━━ Dataset ━━

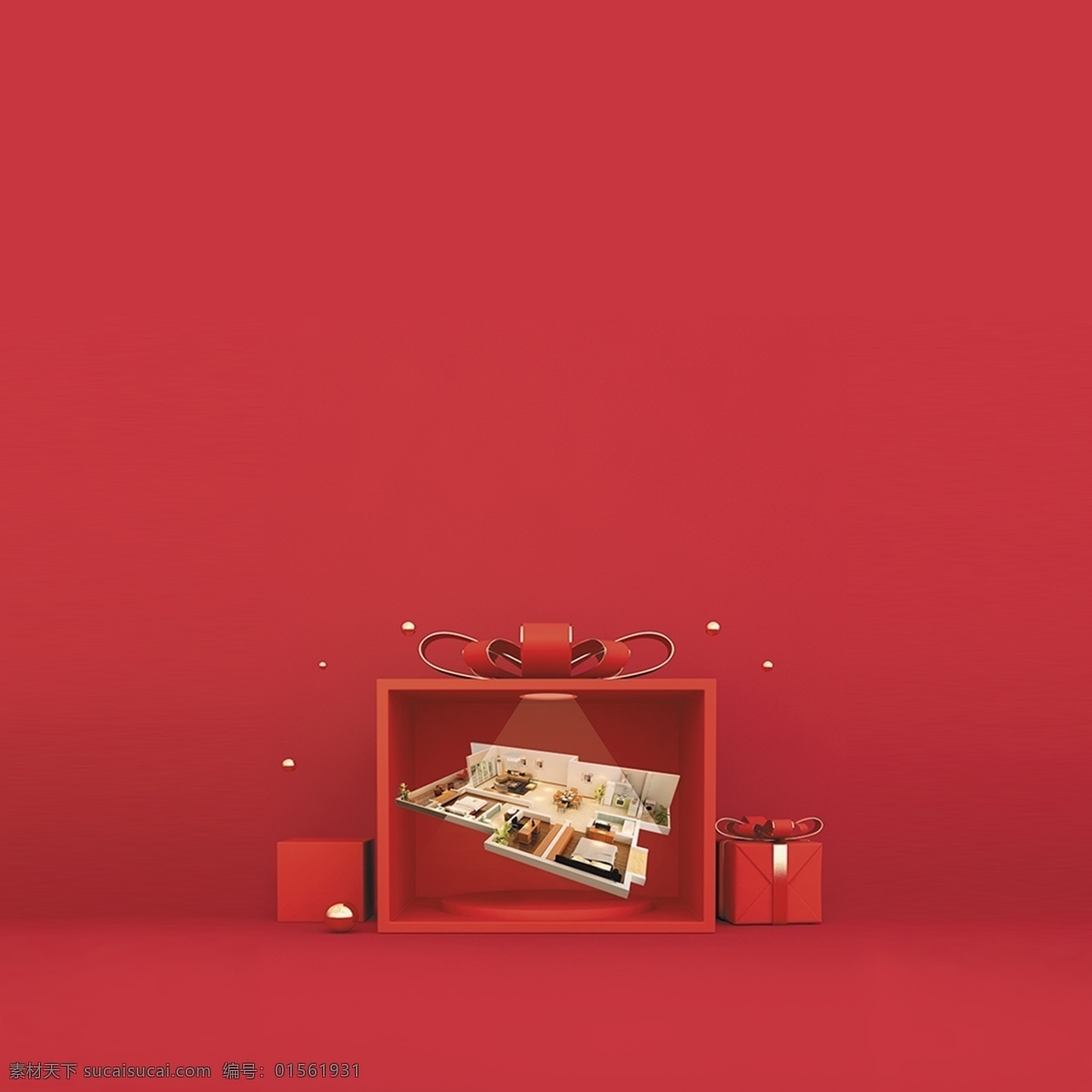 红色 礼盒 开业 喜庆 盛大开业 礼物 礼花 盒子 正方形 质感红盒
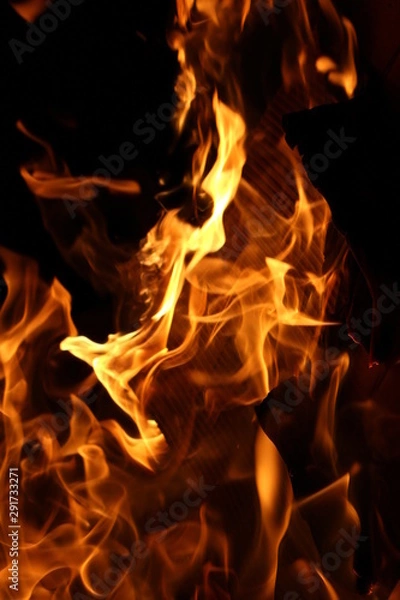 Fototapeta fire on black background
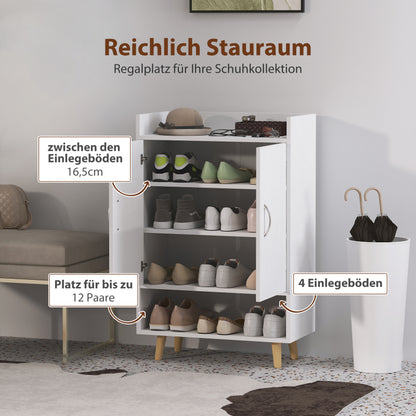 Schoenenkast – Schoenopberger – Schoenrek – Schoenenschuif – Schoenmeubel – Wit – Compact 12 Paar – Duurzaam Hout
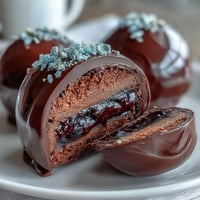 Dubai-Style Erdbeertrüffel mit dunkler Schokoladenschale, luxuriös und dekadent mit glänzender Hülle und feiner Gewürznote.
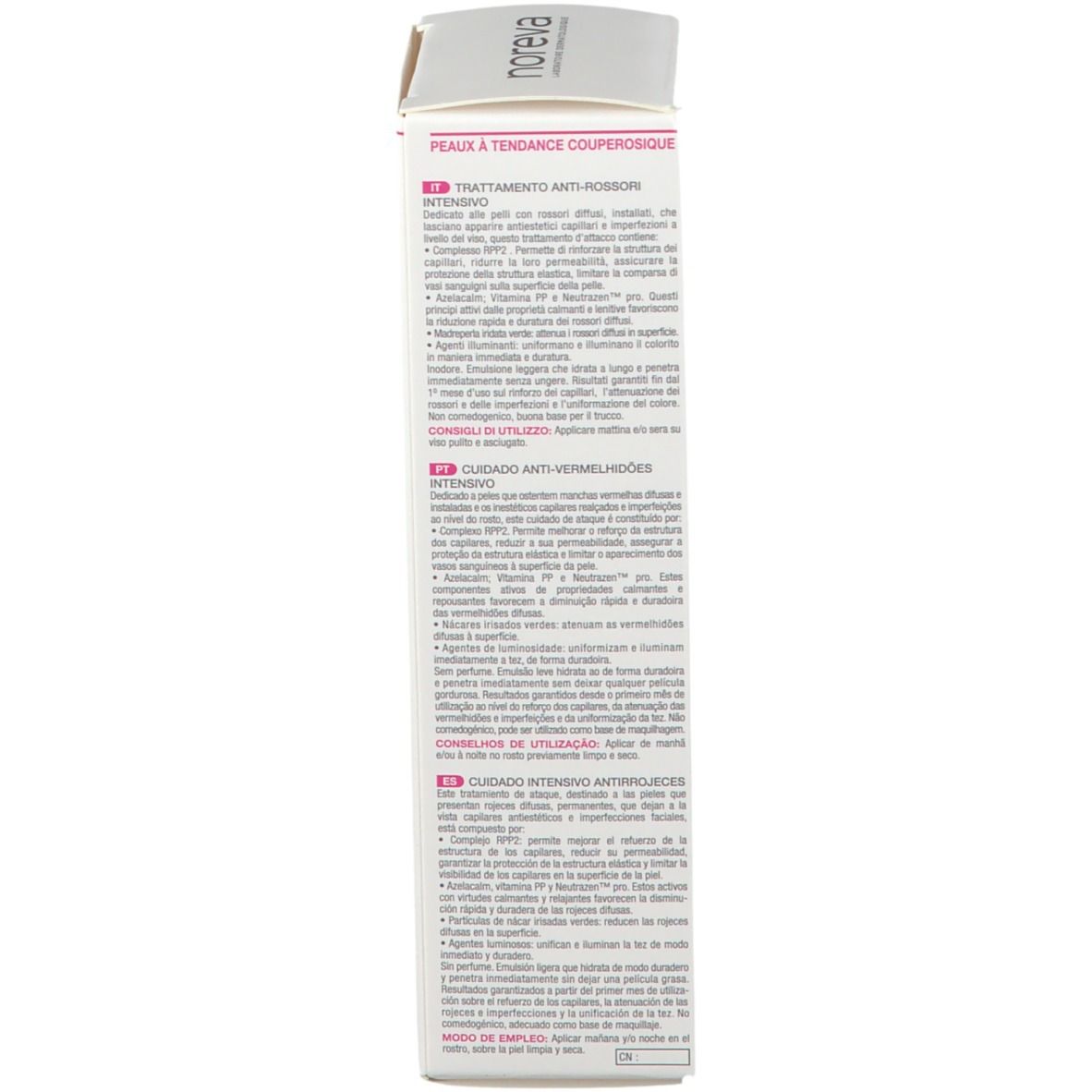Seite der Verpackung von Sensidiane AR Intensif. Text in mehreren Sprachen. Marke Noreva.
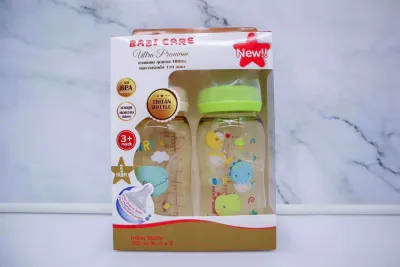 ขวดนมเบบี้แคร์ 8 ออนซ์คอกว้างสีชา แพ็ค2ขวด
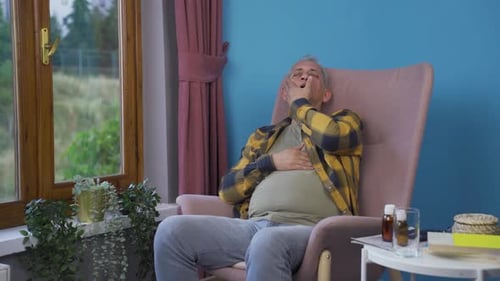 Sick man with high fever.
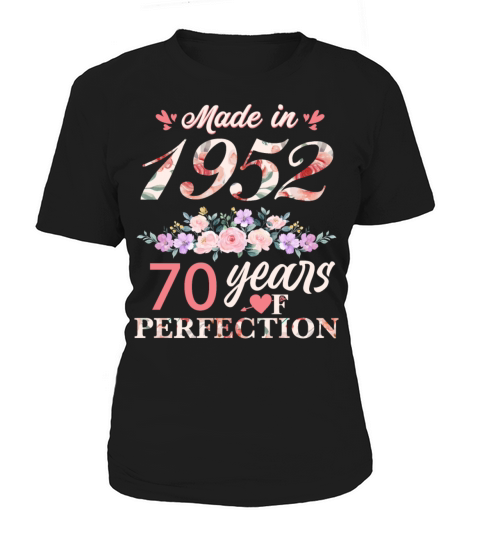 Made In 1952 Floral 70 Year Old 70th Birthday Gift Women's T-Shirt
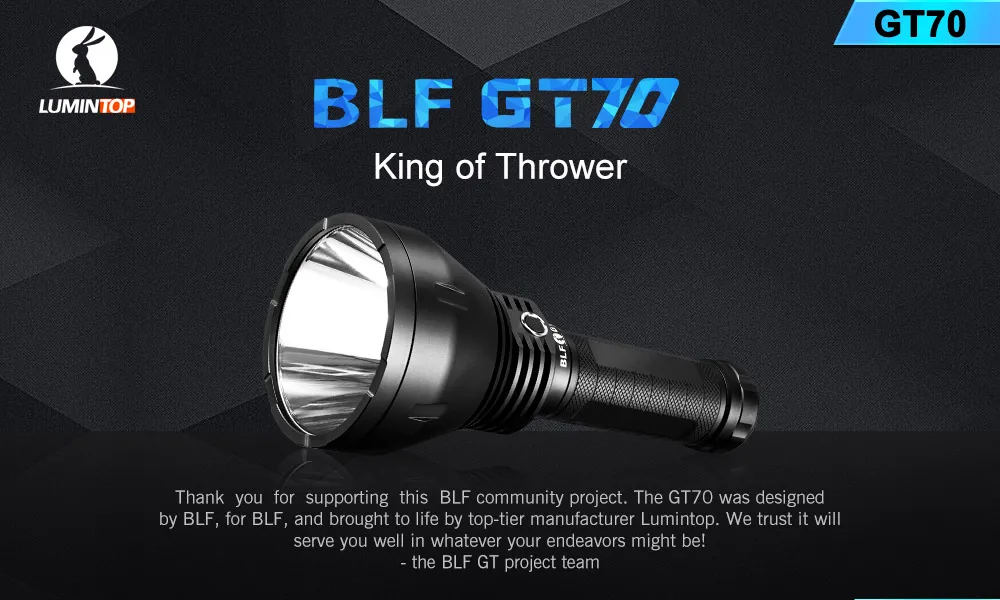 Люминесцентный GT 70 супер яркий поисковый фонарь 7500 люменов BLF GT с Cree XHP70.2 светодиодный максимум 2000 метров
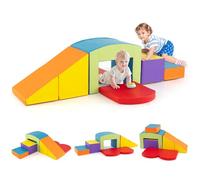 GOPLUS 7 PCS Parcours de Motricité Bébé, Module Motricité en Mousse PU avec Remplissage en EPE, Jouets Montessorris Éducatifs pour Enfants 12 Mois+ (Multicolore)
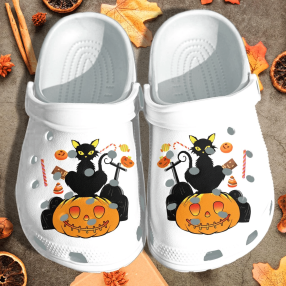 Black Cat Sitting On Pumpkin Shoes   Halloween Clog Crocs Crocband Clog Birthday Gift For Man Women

━━━

Required work:
Quote word for word only the lines above from the one containing "Schoenenkast – Schoenopberger" through the one containing "Dubai-Style Erdbeertrüffel mit". Pictures stay out of your copy.

Exercise response:
 Schoenenkast – Schoenopberger – Schoenrek – Schoenenschuif – Schoenmeubel – Wit – Compact 12 Paar – Duurzaam Hout
 Dubai-Style Erdbeertrüffel mit dunkler Schokoladenschale, luxuriös und dekadent mit glänzender Hülle und feiner Gewürznote.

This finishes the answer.